Выпрямляюсь на стуле. Я никогда раньше не слышала даже намека на подобный тон в его голосе. Меня пробирает дрожь, хотя в комнате довольно тепло.
– Эрин, слушай, я в туалете. Они забрали мой служебный телефон, и мне приказано сию минуту покинуть здание. У выхода из туалета ждут два охранника, которые выведут меня на улицу.
Он тяжело дышит, хотя старается держать себя в руках.
– Что случилось? – спрашиваю я, а перед глазами уже мелькают картины террористических актов и дрожащих кадров, снятых телефоном.
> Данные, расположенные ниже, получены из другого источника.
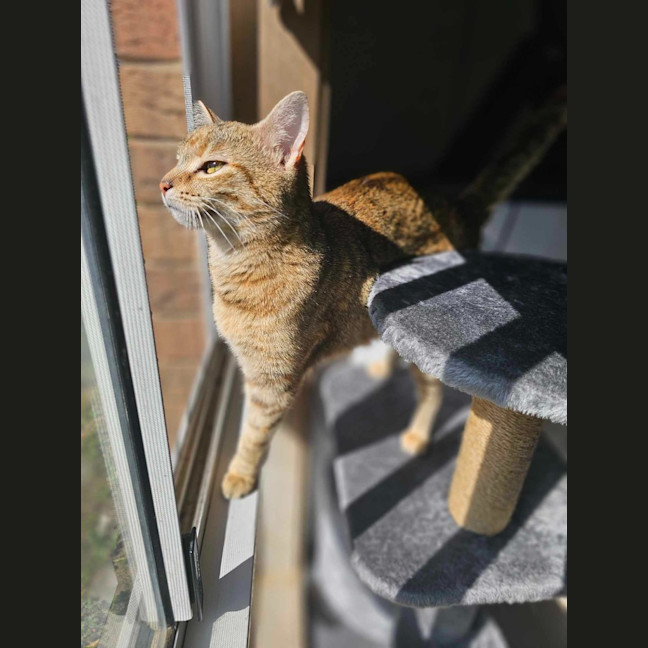 Photo of Willow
Однако тут что-то другое. Я чувствую, что дело не в этом, и начинаю улавливать жуткую суть – мне уже приходилось такое слышать, и не от одного человека. Марка выставляют.
– В семь часов меня вызвал Лоуренс. До него дошли слухи, что я подыскиваю другое место, и он заявил, что для всех заинтересованных сторон будет лучше, если я уйду прямо сегодня. Он с радостью предоставит рекомендации, мой стол уже освободили, а перед уходом я должен сдать служебный телефон.
На линии повисает тишина.
– Он не сказал, кто ему донес.
И вновь тишина.
– Не волнуйся, Эрин. Я в порядке. Ты же знаешь, после увольнения нас тут же отправляют к кадровикам. Выводят из одной комнаты и заводят в другую, где тебя ждет кадровик. Прикрывают свои чертовы задницы. Бога ради, полная же чушь! Кадровик спрашивает, нет ли у меня претензий, а я должен сказать: «Нет, все замечательно, так лучше для всех, Лоуренс оказал мне услугу. Открыл путь к следующей ступени, бла-бла-бла», – возмущается Марк. – Все нормально, Эрин. Все будет хорошо. Я обещаю. Слушай, я должен сейчас идти с этими ребятами, но через час или около того буду дома.